Em que a sigla Qh representa aquíferos porosos descontínuos de extensões variáveis e livres, e de permeabilidade média a alta. O aproveitamento é feito por poços de até 18 metros. Fornecem vazões da ordem de 10m3/h, são muito produtivos e de grande importância hidrogeológica. O termo Qp representa aquíferos porosos descontínuos de extensões variáveis e livres, contudo, possuem alta permeabilidade. Seu aproveitamento é feito através de poços de até 12 metros que permitem vazões bastante elevadas, na ordem de até 10m3/h.
Por outro lado, o termo Tdl refere-se a aquíferos porosos descontínuos, extensões variáveis, semiconfinados a livre; de permeabilidade baixa a média. O aproveitamento é obtido por poços de até 40 metros. Possuem grande importância hidrogeológica e oferecem vazões de 1 a 3m3/h. Por sua vez, Tb refere-se a aquíferos porosos semiconfinados a confinados e extensão regional, de permeabilidade média a alta. O aproveitamento é obtido por poços de até 100m de profundidade. Possuem grande importância hidrogeológica e apresentam vazões na ordem de até 100 m3/h. Detalhes sobre a hidrogeologia da região pode ser consultado em Matta (2002); Palheta (2008).

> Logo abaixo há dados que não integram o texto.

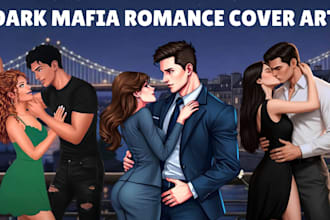 design dark mafia romance book cover nsfw character art fantasy romance fiction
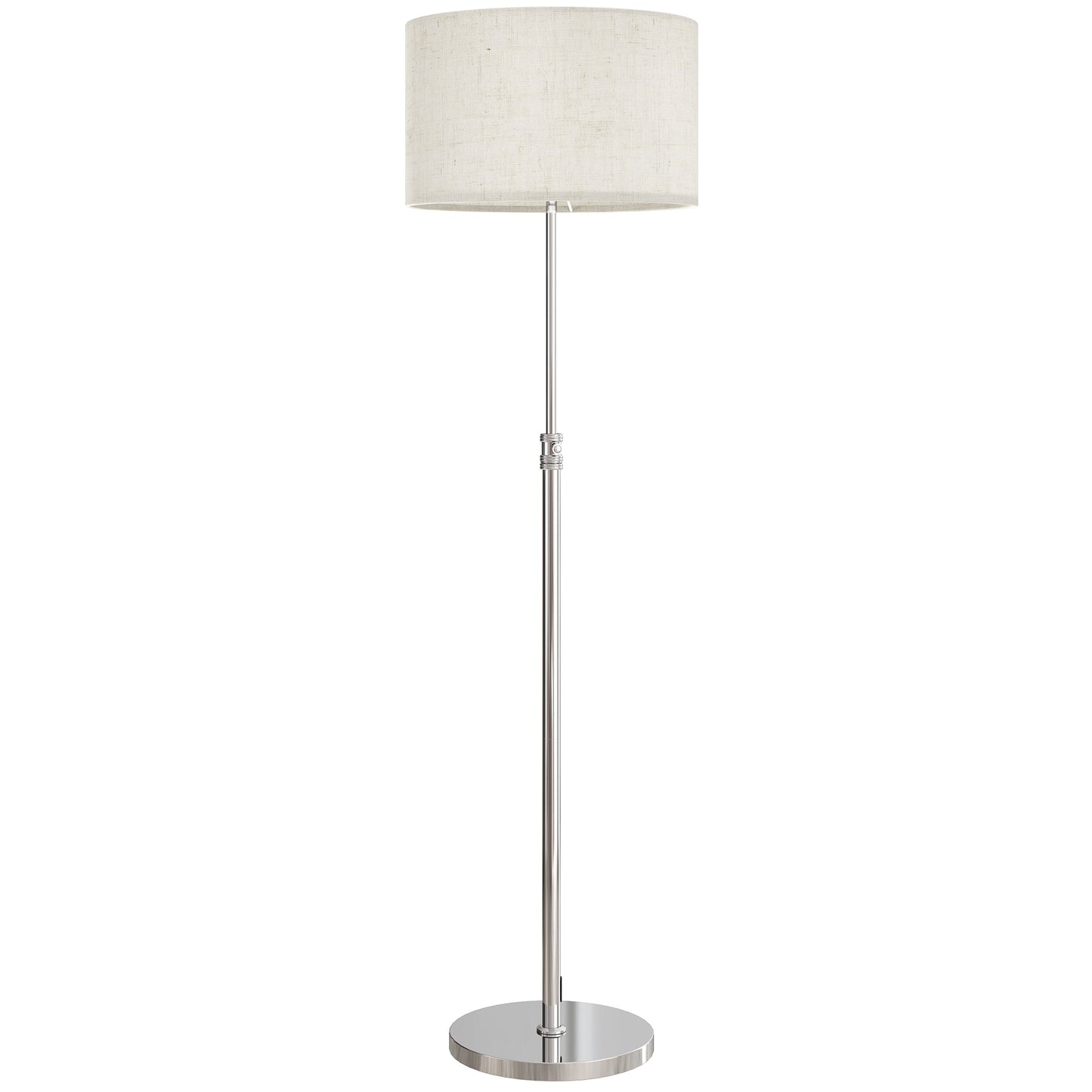 Photo of HOMCOM Floor Lamp with Remote, Height Adjustable Standing Lamp with Linen Shade, Dimmable with 3000K-6000K Adjustable Colour Temperatures, Foot Switch for Living Room Bedroom Office, Silver Tone in Tone colour on a white background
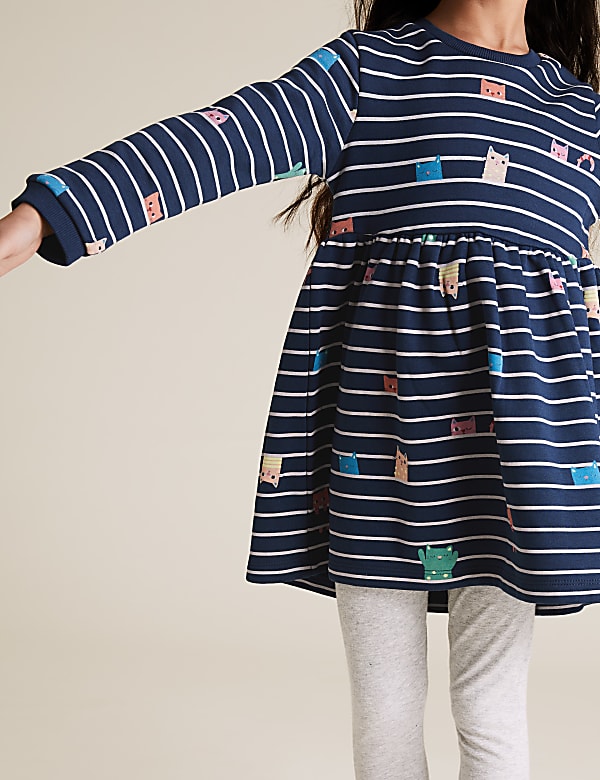 Cotton Striped Cat Sweat Dress (2-7 Yrs)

Com base no mapa geológico e hidrogeológico, verifica-se que mais de 80% das amostras de poços estão inseridos no aquífero da formação Pós-Barreiras. Entretanto, pouco mais de 74% dos poços captam água de aquífero livre; e, o restante de aquíferos semiconfinados a confinados. O estudo de CPRM (2001) considerou que os aquíferos confinados do domínio espacial em questão apresentam-se naturalmente protegidos, como os aquíferos da formação Barreiras e Pirabas. Assim sendo, analisaram-se apenas aquíferos livres, especialmente os das formações Quaternários e Barreiras, i.e. parâmetro xG = 1.
No entanto, para quantificar o parâmetro relativo à ocorrência litológica, considerou-se o perfil geológico e litoconstrutivo de poços. Assim, ilustram-se quatro seções A-A’, B-B’, C-C’ e D-D’.

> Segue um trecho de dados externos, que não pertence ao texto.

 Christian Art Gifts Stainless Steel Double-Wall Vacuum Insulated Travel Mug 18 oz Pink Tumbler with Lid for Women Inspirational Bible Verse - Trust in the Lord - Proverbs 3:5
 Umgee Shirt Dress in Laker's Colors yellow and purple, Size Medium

A seção A-A’ é composto de quatro poços, perpassa pela formação geológica de sedimentos recentes, e abrange aquíferos da formação Pirabas e Pós-Barreiras. A seção B-B’ perpassa pela formação geológica Barreiras, e abrange aquífero da formação Pós-Barreiras. A seção C-C’, por sua vez, perpassa pela formação geológica Pós-Barreira, e abrange aquíferos da formação Pirabas. A seção D-D’ perpassa pela formação geológica Barreiras, e abrange aquíferos da formação Pós-Barreiras (Figura 4).

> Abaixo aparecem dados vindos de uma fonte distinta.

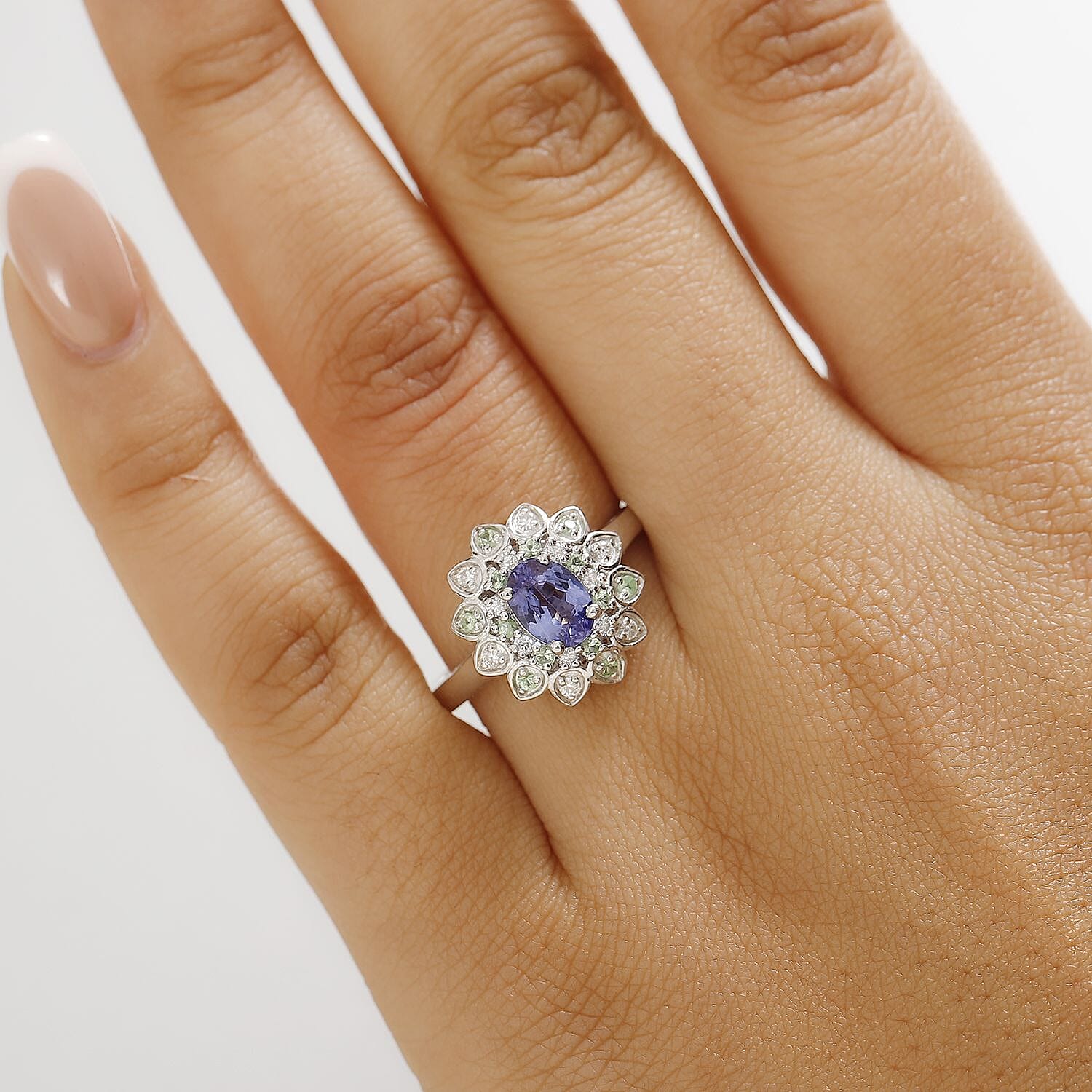 D'Joy Tanzanite and Multi Gemstone 1.80 ctw Sunflower Ring in Rhodium Over Sterling Silver (Size 10.0)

Portanto, com base no perfil litoconstrutivo dos 539 poços foi possível classificar os materiais que constituem a zona vadosa.
METODOLOGIA
Para alcançar o objetivo do trabalho, recorre-se a catalogação de dados de poços, advindos da base de dados SIAGAS. Esses dados foram utilizados para interpretar os parâmetros que compõem o método GOD: ocorrência litológica (xO) e a distância até o lençol freático (xD). Assim, xO e xD, e ainda o parâmetro xG = 1, quando multiplicados entre si, compõem as considerações de vulnerabilidade, proposto por Foster e Hirata (1988).
Assim, realiza-se a análise exploratória de uma amostra de 539 dados de poços, para o domínio espacial considerado. Faz-se uma análise da estatística descritiva referente aos respectivos parâmetros hidrogeológicos; e, verifica-se a normalidade por teste do tipo Komolgorov-Smirnov. Esse teste é precedido da verificação da presença de outliers pelo gráfico Box-plot. Caso detectado, excluem-se outliers pois podem interferir nos testes estatísticos.
Em seguida, caso xO e xD não apresentem-se normalmente distribuídos; aplica-se a transformação de Box-Cox. Para esse procedimento utiliza-se o suplemento Action®, instalado ao MS-Excel®; e, em seguida, faz-se, novamente, o teste de normalidade.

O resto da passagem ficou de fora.